It may be the case, for instance, that the employee did not see the e-mail until the following day during regular work hours, and only responded to it then. However, if the employee responds to the supervisor's e-mail outside of normal business hours, there is a record on the device that the employee read and drafted a work e-mail (and, in some cases, roughly how long it took the employee to do this if the response is immediate.) It would be hard to argue under these circumstances that the employer did not have actual or constructive knowledge that the work was being performed after hours when there is a documented e-mail exchange between the employee and her supervisor after hours recorded on the device.
What Is Compensable Time?
However, simply because a non-exempt employee reads or responds to a few work e-mails after hours, does not automatically mean the time is compensable. The employer has a few arguments available to it about why time spent by non-exempt employees reading and responding to work e-mails after hours should not be compensated.
First, the employer can argue, depending on the circumstances, that such time is merely “postliminary” or “preliminary” work. Under the FLSA, there is a principle that states generally that work performed before or after an employee's shift is not compensable if it is preliminary to or postliminary to the employee's principal job activity. For example, in the case of employees who are maintenance technicians performing a series of maintenance calls at customers' homes during the work day, time spent receiving, mapping and prioritizing jobs and routes for assignment before leaving their homes in the morning could be considered non-compensable preliminary work on the theory that it relates to the employees' commute and not their principal job activity. However, this is a very fact-intensive inquiry.
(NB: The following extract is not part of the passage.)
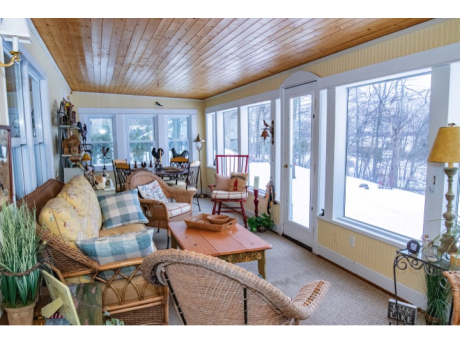 Our guests will have access to enclosed porch with dining area.  Spectacular view of Lake Charlevoix!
Second, if the non-exempt employee only spends a few minutes reading or responding to e-mails after hours, the employer can argue that the time is non-compensable because it is “de minimis.” The idea is that, if the increment of time spent performing work is so small, it is not worth documenting, tracking or compensating. There is no hard and fast rule on what amount of time is considered de minimis. Many courts have indicated that it is 10 minutes or less. However, it is a tricky concept, as some courts will also look at the aggregate time spent by the employee over a period of time in determining whether the time spent is de minimis. For example, if the employee is e-mailing on her BlackBerry after hours for 10 minutes every day for a year, that would add up to a significant amount of time. Thus, the more regularly the employee works small amounts of overtime, the less likely the time spent will be considered de minimis. On the other hand, sporadic or irregular instances of small amounts of overtime would more likely be considered as such.
Avoiding Litigation
So what is an employer to do? The only definitive way to avoid potential litigation on the issue is not to give electronic handheld devices to non-exempt employees. However, if due to business needs, the benefit of giving electronic handheld devices to non-exempt employees outweighs the litigation risk, then there are a few steps an employer can take to minimize the risk of an adverse outcome if wage and hour litigation ensues.
1. Have a Policy in Place
This policy could address a number of issues that would limit the risk of providing electronic handheld devices to non-exempt employees. For example, it could require all non-exempt employees to record any time spent after hours reading and responding to work e-mails. The employer could also set a limit on the amount of time that non-exempt employees can spend reading and responding to e-mails outside of their regular shifts without advance approval. The policy can also provide that, even though employees will be paid for all overtime worked, if they exceed this limit without getting advance approval, they will be subject to discipline. In addition, the policy could include an affirmative statement that, simply because an employee is being given an electronic handheld device, this does not mean that he or she is “on call,” as some employees may become confused on this issue if they are asked to carry a company-issued electronic handheld device.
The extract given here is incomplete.